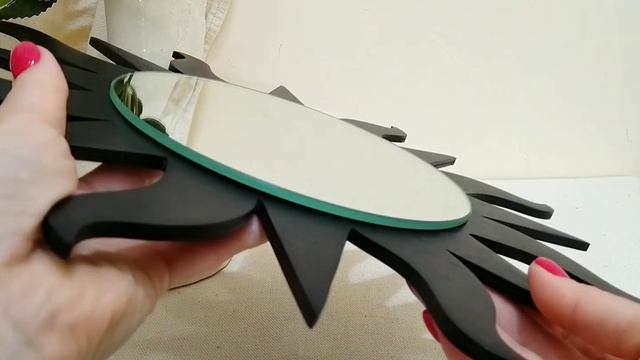 Зеркало солнце чёрный (видео обзор)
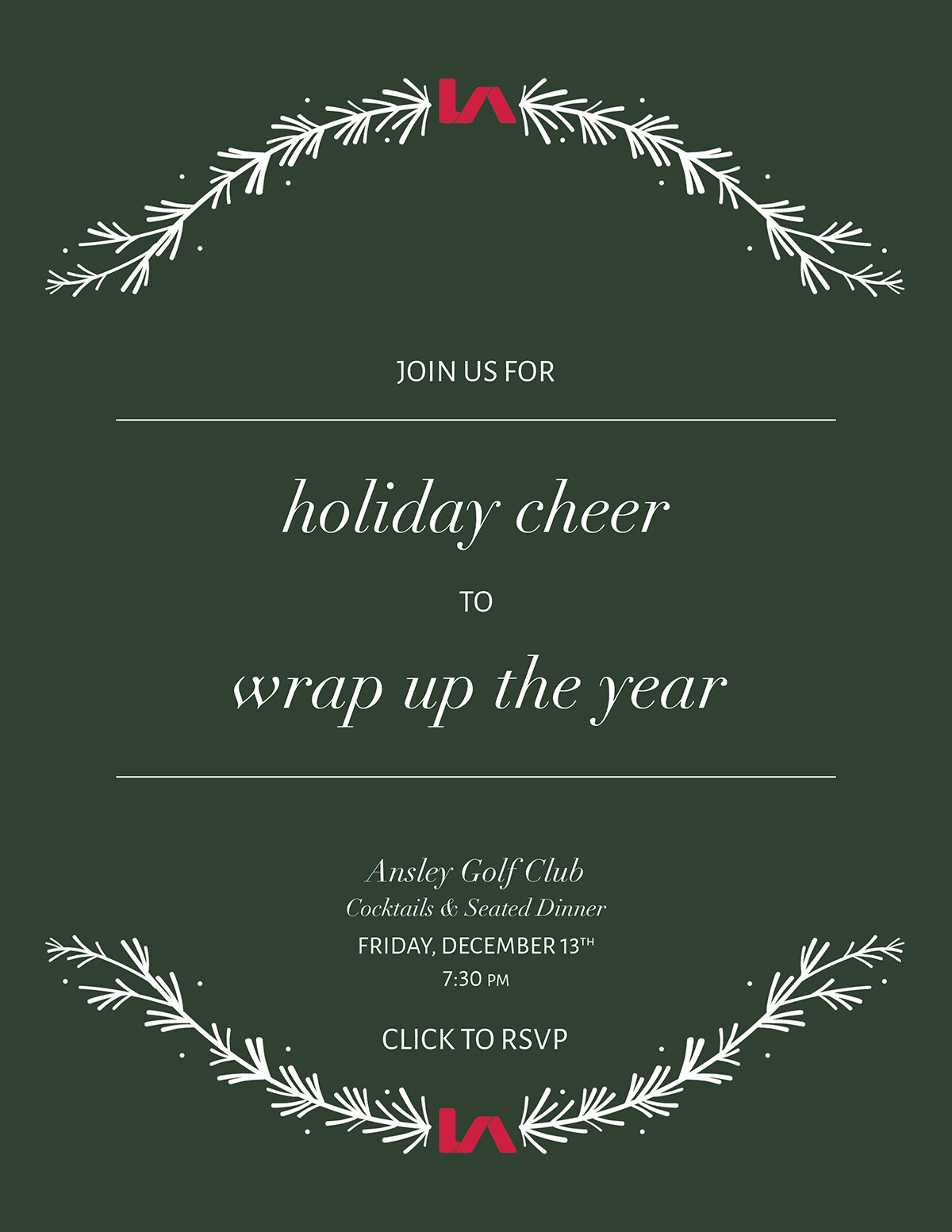 holiday party digital card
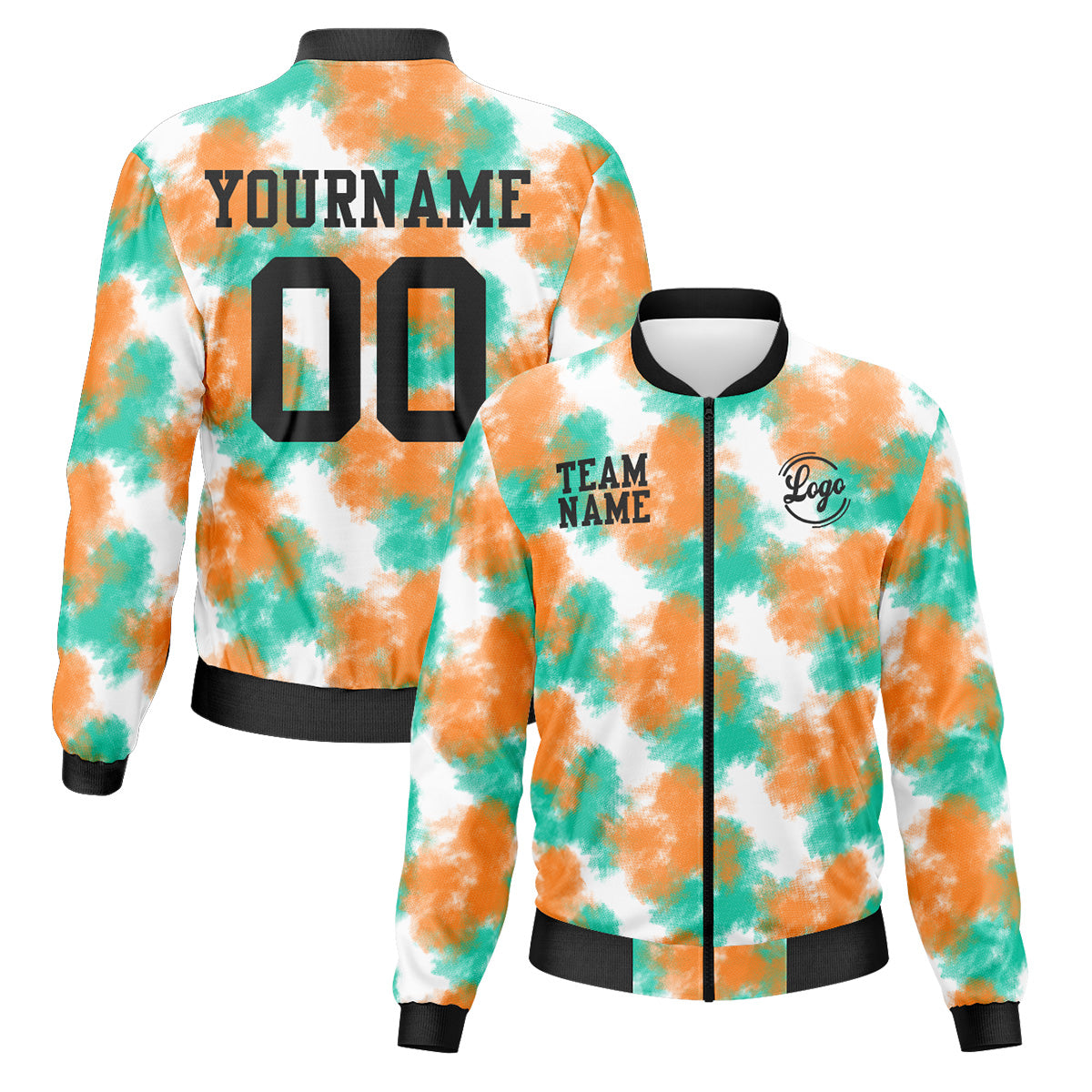 Custom Long Sleeve Windbreaker Jackets Uniform Printed Your Logo Name Number Ink-Jet enthsush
==*==
## TASK INSTRUCTIONS
Copy the listing above verbatim; the pictures it contains are to stay out.

## YOUR SOLUTION
 Зеркало солнце чёрный (видео обзор)
 holiday party digital card
 Custom Long Sleeve Windbreaker Jackets Uniform Printed Your Logo Name Number Ink-Jet enthsush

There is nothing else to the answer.